La Arnaldo Caprai è ormai riconosciuta come l’azienda leader di Sagrantino di Montefalco, il grande vino rosso prodotto da uve Sagrantino, un vitigno unico che cresce solo nel territorio di Montefalco da più di quattrocento anni.
La storia della cantina Caprai inizia nel 1971 quando Arnaldo Caprai, imprenditore tessile di successo, acquista quarantacinque ettari a Montefalco con l’intento di dare seguito alla storia d’impresa.
Nel 1988 la conduzione aziendale passa nelle mani del figlio Marco che con grande passione lancia un progetto per la valorizzazione del Sagrantino, vitigno autoctono dalle enormi potenzialità produttive.
La ricerca continua dell’eccellenza qualitativa e il forte impegno in ricerca e sviluppo fissano il successo internazionale del Sagrantino di Montefalco e dell’azienda Arnaldo Caprai che diviene rapidamente una delle più importanti realtà produttive mondiali.
La costante ricerca di innovazione di processo e di sperimentazione applicata hanno guidato l’azienda verso un’agricoltura dinamica e moderna, basata su una profonda conoscenza tecnico/agronomica del territorio e sull’utilizzo di tecnologie innovative di gestione.
Il miglioramento della sostenibilità ambientale, economica e sociale diviene un impegno costante dell’azienda che aderisce al protocollo di Sostenibilità New Green Revolution.
L’azienda ha raggiunto oggi un’estensione di circa 174 ettari, di cui 160 di superficie vitata, tutti appartenenti alle zone della D.O.C.G. Sagrantino di Montefalco, della D.O.C. Montefalco e della D.O.C. dei Colli Martani.
Questa zona gode di un clima continentale con estati calde e tendenzialmente asciutte ed inverni freddi con sporadici episodi nevosi.

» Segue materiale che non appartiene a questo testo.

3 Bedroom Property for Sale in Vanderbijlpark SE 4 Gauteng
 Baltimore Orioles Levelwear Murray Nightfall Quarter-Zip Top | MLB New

Le varietà di uve coltivate sono principalmente Sagrantino, Sangiovese, Merlot e Cabernet Sauvignon per i rossi, e Grechetto, Chardonnay e Sauvignon per i bianchi.
ARNALDO CAPRAI IN CIFRE
- CLASSE FATTURATO: 6-8 MILIONI DI EURO
- NUMERO BOTTIGLIE: 1 MILIONE CIRCA
- ETTARI VITATI: 160 DI CUI 50 IN AFFITTO
- MERCATI: 70% ITALIA, 30% ESTERO
IL SAGRANTINO OGGI
Dopo il riconoscimento della DOCG nel 1992 e la conquista dei 3 Bicchieri della guida del Gambero Rosso del Sagrantino 25 anni Arnaldo Caprai 1996 la denominazione e l’intera zona hanno subito una vera e propria rivoluzione viticola ed enologica.
Sono sorti nuovi impianti, sono state messe a punto nuove e più moderne forme di allevamento per la vite e si assiste ad una crescita pressoché continua delle aziende imbottigliatrici, sia di piccole che di medie dimensioni.
Quando si dice Sagrantino, si intende oggi per antonomasia il Montefalco Sagrantino DOCG nelle versioni secca e passita e in particolare la versione secca, divenuta famosa nel mondo. Queste, in base al disciplinare di produzione, le sue caratteristiche tecniche:
- Vitigno: 100% Sagrantino
- Versioni: Sagrantino di Montefalco secco e passito
- Resa massima di uva: 80 ql/ha
- Resa massima di uva in vino: 65% per il Montefalco Sagrantino secco; 35% per il Montefalco Sagrantino passito
- Invecchiamento minimo: almeno 33 mesi, a decorrere dal 1° dicembre dell’anno di produzione delle uve, di cui – per la sola tipologia secco – almeno 12 mesi in botti di rovere di qualsiasi dimensione
- Gradazione alcolica minima: 13,00% vol. (13,50% vol. nel caso della tipologia con la menzione “vigna”) per il Montefalco Sagrantino secco; 18,00% vol. per il Montefalco Sagrantino passito
- Acidità totale minima: 4,5 g/litro
- Estratto secco minimo: 26,0 g/litro per il Montefalco Sagrantino secco e 35,0% g/litro per il Montefalco Sagrantino passito.